Wednesday, April 19, 2023

The Grippe

Flu: The Story of The Great Influenza Pandemic of 1918 and the Search for the Virus that Caused It - Gina Kolata

The author has been on the science and medicine beat for the New York Times since the year 2000. She wrote this book in 2001. 

After a brief examination of the 1918 flu pandemic in the US, Kolata introduces readers to the subsequent research conducted concerning the various strains of flu. She covers the so-called Spanish flu of 1918, the swine flu of 1976, and the avian flu of 1997. Her examination of the swine flu mass vaccination debacle during the Ford administration in 1976 was especially informative about the collision of scientists that pushed the panic button, leaders driven by political expediency, and irresponsible reporters in the mass media.

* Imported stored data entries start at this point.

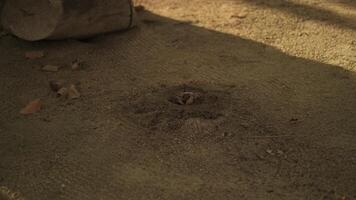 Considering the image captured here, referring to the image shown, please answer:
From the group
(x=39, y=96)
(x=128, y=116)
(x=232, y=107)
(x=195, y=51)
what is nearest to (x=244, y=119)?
(x=232, y=107)

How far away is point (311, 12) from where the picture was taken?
5.98 m

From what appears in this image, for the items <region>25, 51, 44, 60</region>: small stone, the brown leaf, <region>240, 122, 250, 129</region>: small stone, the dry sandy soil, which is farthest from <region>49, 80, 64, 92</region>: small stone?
<region>240, 122, 250, 129</region>: small stone

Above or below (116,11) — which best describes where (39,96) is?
below

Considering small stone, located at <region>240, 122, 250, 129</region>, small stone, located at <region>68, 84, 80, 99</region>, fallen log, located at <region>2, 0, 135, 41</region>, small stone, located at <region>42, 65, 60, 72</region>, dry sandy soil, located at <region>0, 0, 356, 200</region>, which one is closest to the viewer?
dry sandy soil, located at <region>0, 0, 356, 200</region>

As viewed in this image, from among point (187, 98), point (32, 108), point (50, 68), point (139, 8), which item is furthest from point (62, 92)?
point (139, 8)

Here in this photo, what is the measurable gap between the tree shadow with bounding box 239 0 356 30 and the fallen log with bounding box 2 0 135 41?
1495mm

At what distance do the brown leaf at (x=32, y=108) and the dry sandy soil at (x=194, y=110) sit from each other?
0.06 m

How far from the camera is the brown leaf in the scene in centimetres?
436

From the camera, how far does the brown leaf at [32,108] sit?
14.3 feet

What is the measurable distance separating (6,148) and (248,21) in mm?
2781

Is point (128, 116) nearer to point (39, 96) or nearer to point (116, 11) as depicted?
point (39, 96)

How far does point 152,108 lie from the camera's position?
4.35 meters

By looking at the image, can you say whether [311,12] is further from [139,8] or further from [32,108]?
[32,108]

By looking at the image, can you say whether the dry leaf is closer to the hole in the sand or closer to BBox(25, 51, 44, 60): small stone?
BBox(25, 51, 44, 60): small stone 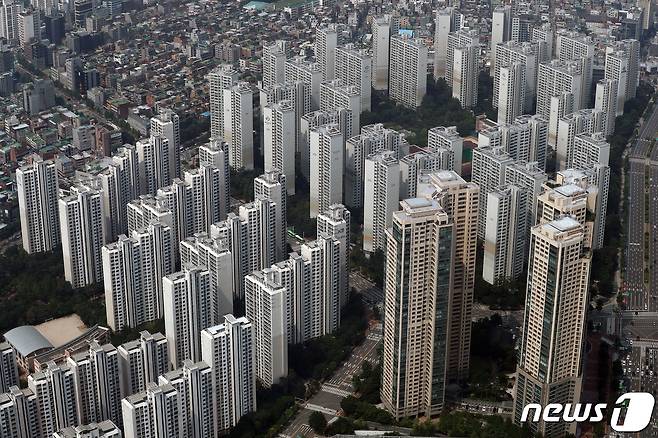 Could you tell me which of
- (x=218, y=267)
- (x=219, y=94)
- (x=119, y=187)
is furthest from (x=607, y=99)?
(x=218, y=267)

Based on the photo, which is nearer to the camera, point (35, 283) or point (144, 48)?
point (35, 283)

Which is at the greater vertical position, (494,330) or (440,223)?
(440,223)

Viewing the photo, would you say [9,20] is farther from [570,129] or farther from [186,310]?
[186,310]

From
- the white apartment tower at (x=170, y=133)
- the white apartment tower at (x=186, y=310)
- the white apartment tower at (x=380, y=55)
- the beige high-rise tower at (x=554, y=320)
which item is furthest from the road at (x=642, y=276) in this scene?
the white apartment tower at (x=170, y=133)

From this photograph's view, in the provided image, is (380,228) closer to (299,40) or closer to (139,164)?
(139,164)

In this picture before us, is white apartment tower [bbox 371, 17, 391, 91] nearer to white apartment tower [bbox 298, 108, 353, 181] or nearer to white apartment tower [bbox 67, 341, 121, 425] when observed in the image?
white apartment tower [bbox 298, 108, 353, 181]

Lending a travel narrative aspect to the book, she spends much space telling about the two expeditions to exhume frozen flu victims in order to harvest samples of the 1918 virus. Generally, I skimmed a great deal on the human interest side, with copious profiles of researchers. I mean, the stories of researchers butting heads with each other over trivial stuff may interest the general thinking reader – in a grim, malicious pleasure kind of way. Me, I'm a tedious high-minded kind of guy, easily brought down by stories of researchers way more intelligent than me who still bellyache and squabble like brats over credit, travel, awards, reputation, prestige, lab space, start-up funds, and needing people to be always telling them how wonderful they are. Ugh, human interest, gimme a break. 

Readers with an interest in infectious diseases will learn much about the various methods of research and prophylaxis to identify and deal with the various pandemics that have threatened us in the last century. She also goes over the history of the creation of various vaccines.

I recommend this book not only for the sake of historical memory, well researched and told, but also to better understand and appreciate current scientific efforts that have been made in our ongoing pandemic. Recall in less than a month we had the genomic sequence of the virus and two vaccines in under a year.